Spin selective coupling to Majorana zero modes in mixed singlet and triplet superconducting nanowire

TL;DR

This paper theoretically explores how the relative orientation of magnetization and the d-vector in a mixed singlet-triplet superconductor nanowire influences Majorana zero modes and conductance, revealing a spin-selective coupling mechanism.

Contribution

It introduces a model showing how the orientation of ferromagnetic and superconducting vectors controls Majorana modes and conductance in a hybrid nanowire system.

Findings

Majorana zero modes appear in the topological phase with dominant triplet pairing.

Conductance switches between 4e^2/h and 2e^2/h depending on magnetization orientation.

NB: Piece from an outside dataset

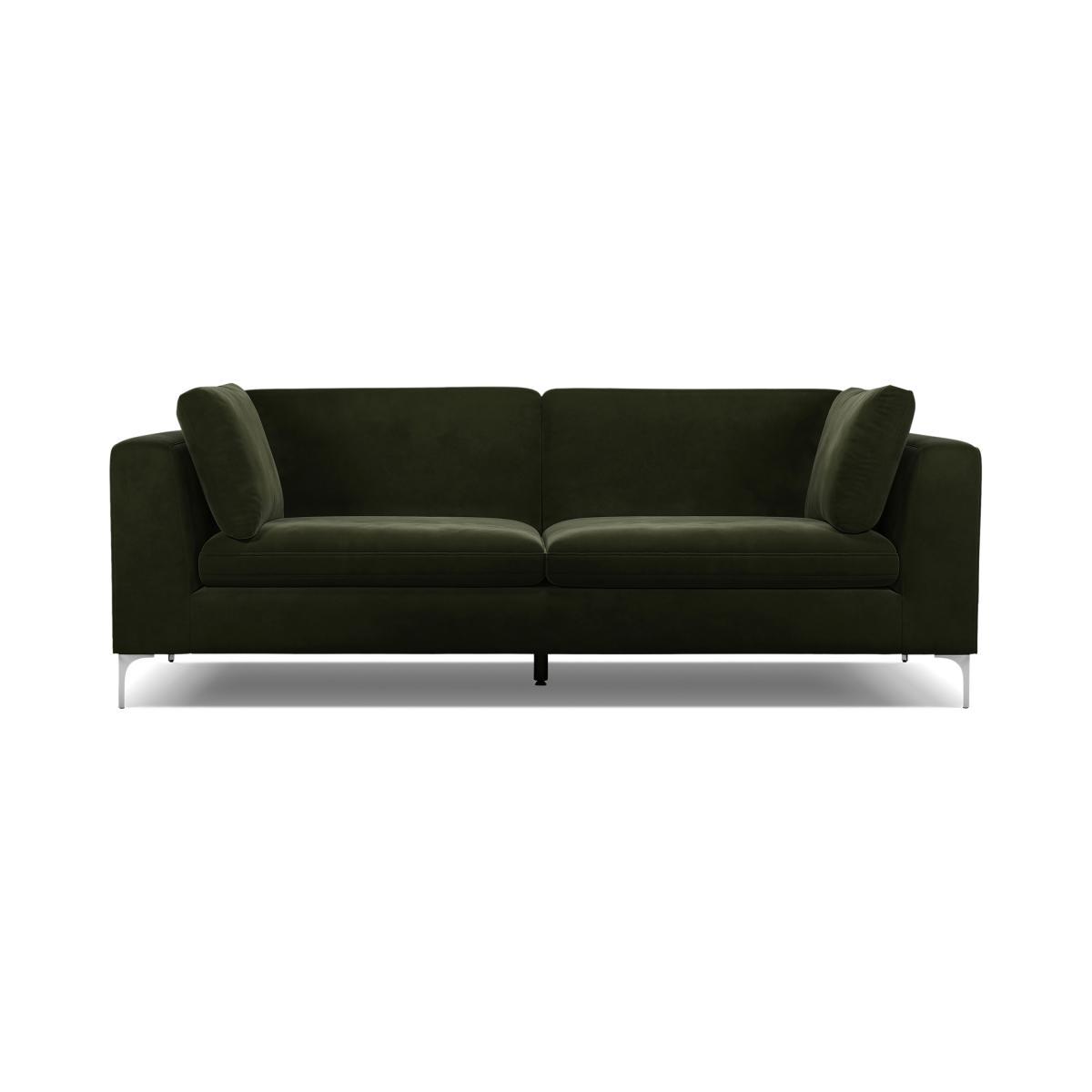 Monterosso 3 Seater Sofa, Dark Olive Velvet with Chrome Leg – image 7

Spin-selective coupling of Majorana modes to the lead is demonstrated.

Abstract

We theoretically investigate the transport properties of a quasi one dimensional ferromagnet-superconductor junction where the superconductor consists of mixed singlet and triplet pairings. We show that the relative orientation of the stoner field ($\bf{\tilde{h}}$) in the ferromagnetic lead and the $\bf{d}$ vector of the superconductor acts like a on-off switch for the zero bias conductance of the device. In the regime, where triplet pairing amplitude dominates over the singlet counterpart (topological phase), a pair of Majorana zero modes appear at each end of the superconducting part of the nanowire. When $\bf{\tilde{h}}$ is parallel or anti-parallel to the $\bf{d}$ vector, transport gets completely blocked due to blockage in pairing while, when $\bf{\tilde{h}}$ and $\bf{d}$ are perpendicular to each other, the zero energy two terminal differential conductance spectra exhibits sharp transition from $4e^2/h$ to $2e^2/h$ as the magnetization strength in the lead becomes larger than the chemical potential indicating the spin selective coupling of pair of Majorana zero modes to the lead.